What do Bill Nighy, John Cleese and Ronnie Wood have in common? They all got divorced in their 60s. It’s not the cheeriest factoid – but the divorce rate among over-50s has increased by a third in the past decade, according to relationship counselling charity Relate.
For some people, a divorce is a release from an unhappy marriage and a chance to start again; for others, it can be a life event that causes immeasurable sadness and knocks the stuffing out of them. But regardless of the reason, divorce can have a severe impact on finances.
In many cases, it’s women who find themselves on the back foot financially after a divorce, as they are more often the partner that halted their career to look after the children. Their pension pots could look a lot smaller than that of their male spouses.
It’s not a given, though, that men will find themselves unscathed financially after a divorce. In most households today, women work and contribute to the home’s coffers, whether that’s paying part of the mortgage or some other account or bill (and it’s not unheard of that in some 50-plus couples the wife is the bigger breadwinner).
A divorce changes the amount of money each partner has at their disposal, and it can have a radical effect on a person’s credit rating.
There are no quick fixes to re-establishing your finances after a divorce but putting a strategy in place will go a long way to helping you get back on an even keel.
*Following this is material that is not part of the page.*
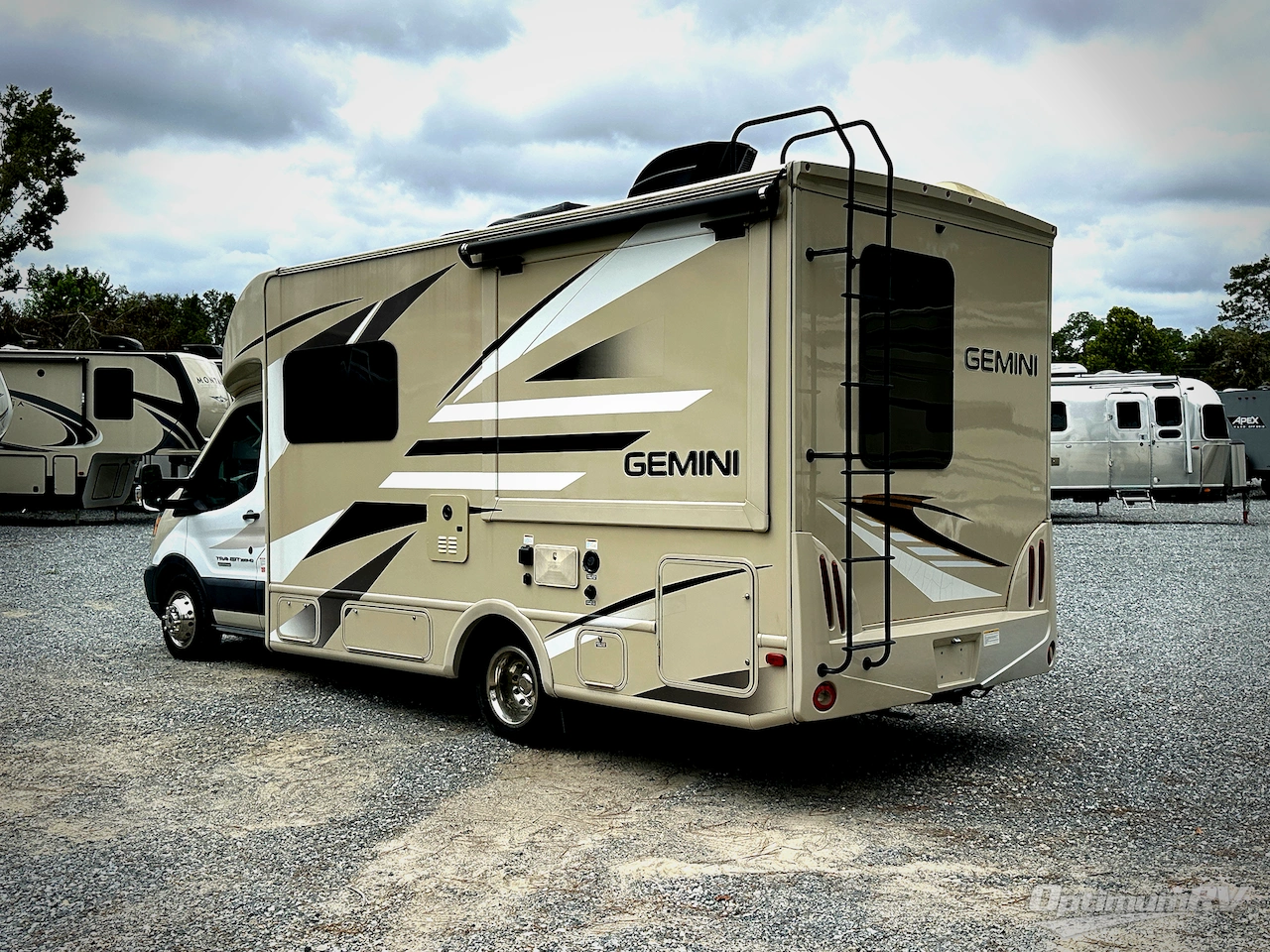2017 Thor Gemini 23TB Photo 3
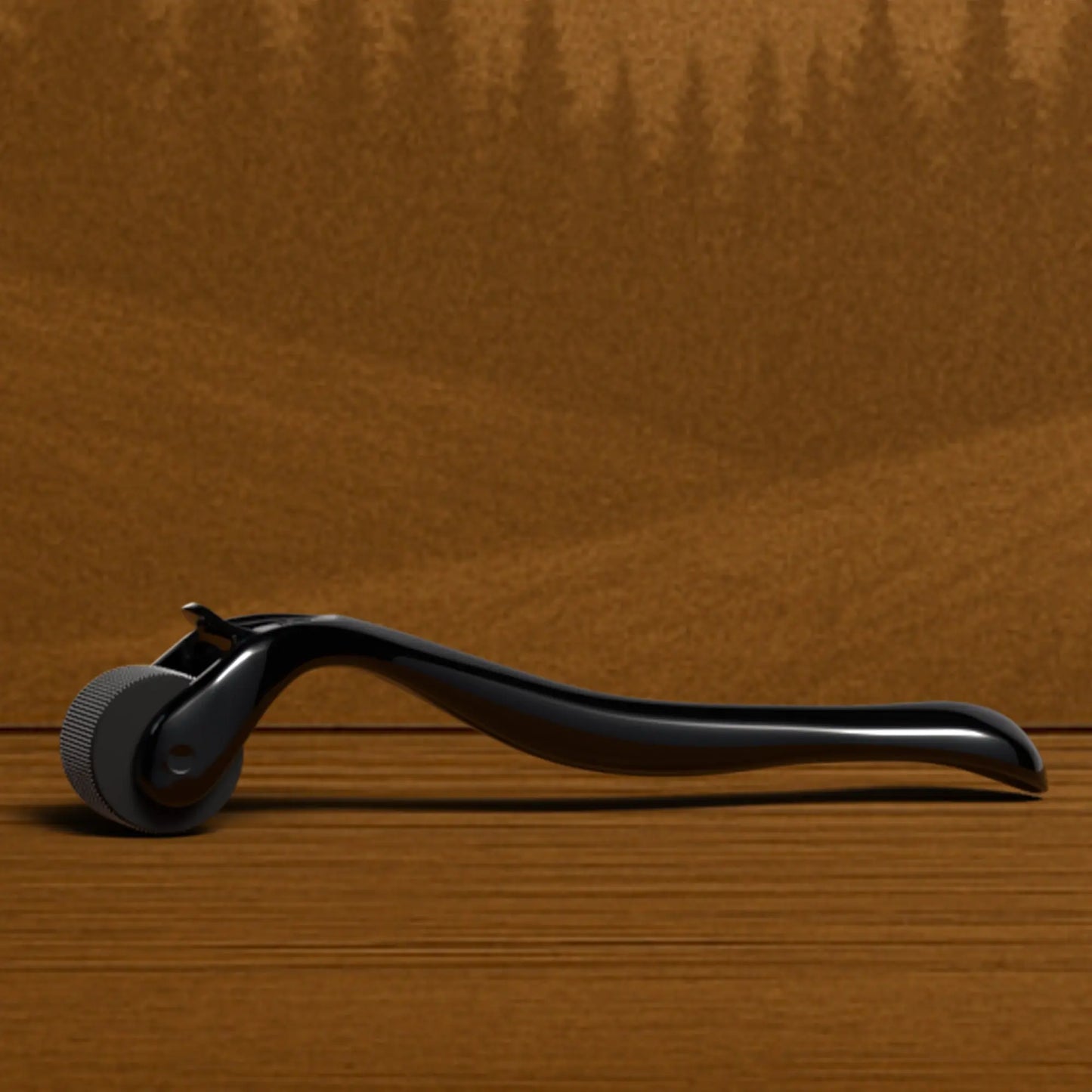 Beard Roller Crafted Beards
Prepare to focus on your finances for at least six months to two years.
If the home was run on a joint bank account while you were married, you now have the task of establishing yourself as a single person in the eyes of any bank. Doing this is not necessarily difficult, but it is time consuming.
Open up an ordinary savings account, at a bank or credit union, and make regular deposits, even if they are modest.
Put this account in your name alone and don’t withdraw from it. Ultimately, this account will become your emergency fund, which you can fall back on if ever you find yourself in a bit of a jam, but for now its purpose is more to give a stable record of your financial status.
When you come to apply for credit, you’ll be asked to provide three to six months of bank statements and here’s where this savings account and your regular deposits will stand you in good stead.
At the same time, open another account from which you will pay your bills. Being the account from which you pay for things, it’s acceptable to make withdrawals from this account. But don’t ever empty it of every penny and always have enough funds available to cover direct debits.
Establishing a good credit history is one of the best things you can do for yourself post-divorce as the time may come when you will want to secure a loan for a big ticket item.
To get to that point, start off small. Once you have a few months under your belt of making deposits into your savings account, think about applying for a store card or a credit card.
Make sure you keep up with the payments on these cards, as the point of this exercise is not really to purchase things but to show that you are a responsible person who is worthy of credit.
A word to the wise: apply for one line of credit at a time and wait a considerable period of time before applying for the next one, as applying for too many at once will flag up against your name – and not in a good way.
Finally, remember to cut all financial ties with your former spouse, even if you have settled into an amicable friendship after the divorce.
Keeping joint loans and credit cards can be risky as you are both responsible for the whole debt. Likewise, you should close any joint savings accounts and split the assets.